In a strange way, Highest 2 Lowest would have been a much stronger and better defined piece, had it been a tad less packed with thematic messaging. It’s quite possible it would have been a stellar film if Lee had adapted the first half of High and Low, left the rest alone and resisted the temptation to add more flavours and textures to the narrative. Consequently, his movie is both powerful and overstuffed, stinging with its critique and somehow unfocused, intellectually inspired and impenetrably dense. It is clear as day that the filmmaker cares deeply about it all, as he had proved time and again throughout his prolific career, but this movie proves unequivocally that sometimes less is indeed more and restraint should have been the virtue he had taken on board after examining Kurosawa’s body of work.

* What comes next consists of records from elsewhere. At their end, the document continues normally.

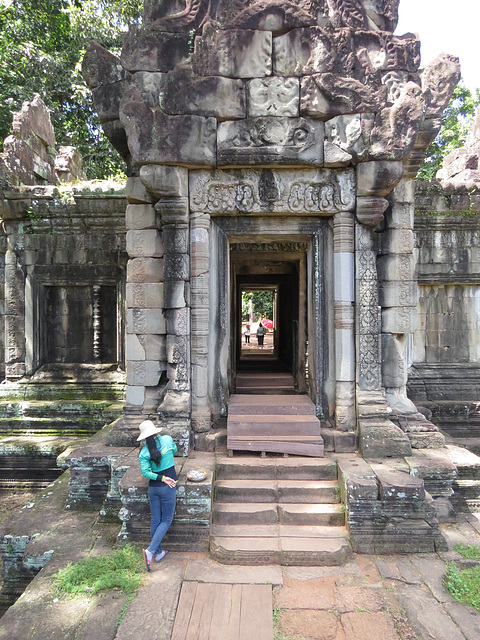 Gopura est du palais royal.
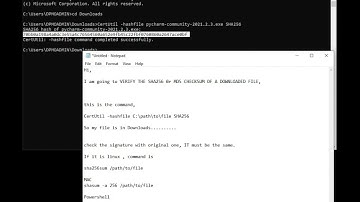 VERIFY THE SHA256 0r MD5 CHECKSUM OF A DOWNLOADED FILE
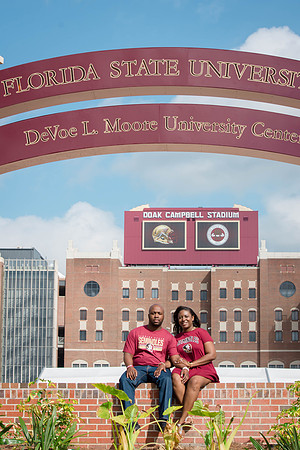 Kentrice & Kevin | Engagement | FSU Tallahassee | April 2018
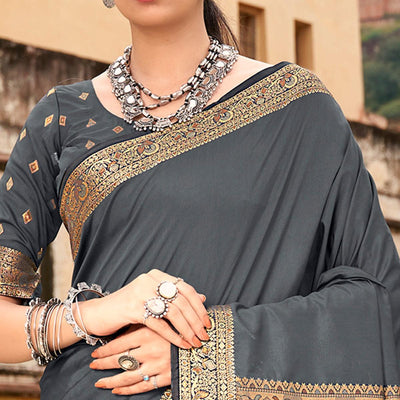 grey-festive-wear-woven-soft-banarasi-silk-saree-119210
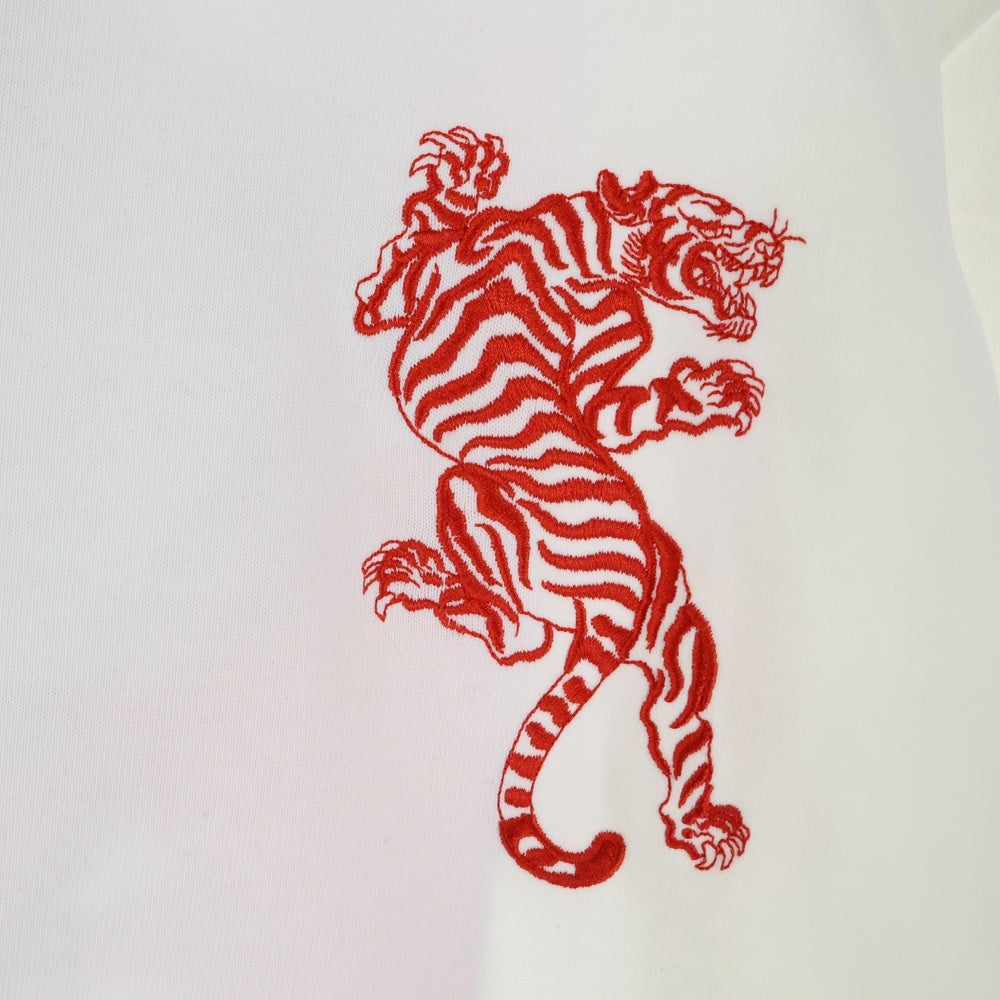 KENZO(ケンゾー) Climbing Tiger Cotton T-Shirt タイガー刺繍 半袖Tシャツ ホワイト FC55TS082CSB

In the end, while it is always great to look at Spike Lee movies and engage with their oftentimes baroque opulence and operatic elevation, Highest 2 Lowest requires a bit too much of the viewer. It is a movie intended to be dissected academically rather than resonated with emotionally. Visually precise yet occasionally alienating and impenetrable with its hyper-stylized storytelling, Spike Lee’s newest movie requires considerable prior knowledge and experience without which the viewer will have no other choice but to emerge confused by what looks like a tonal mess. But it is a tonal mess with a lot to say that can and should invite those who did their homework to see through the layers and textures Highest 2 Lowest is made of. Though, not without effort.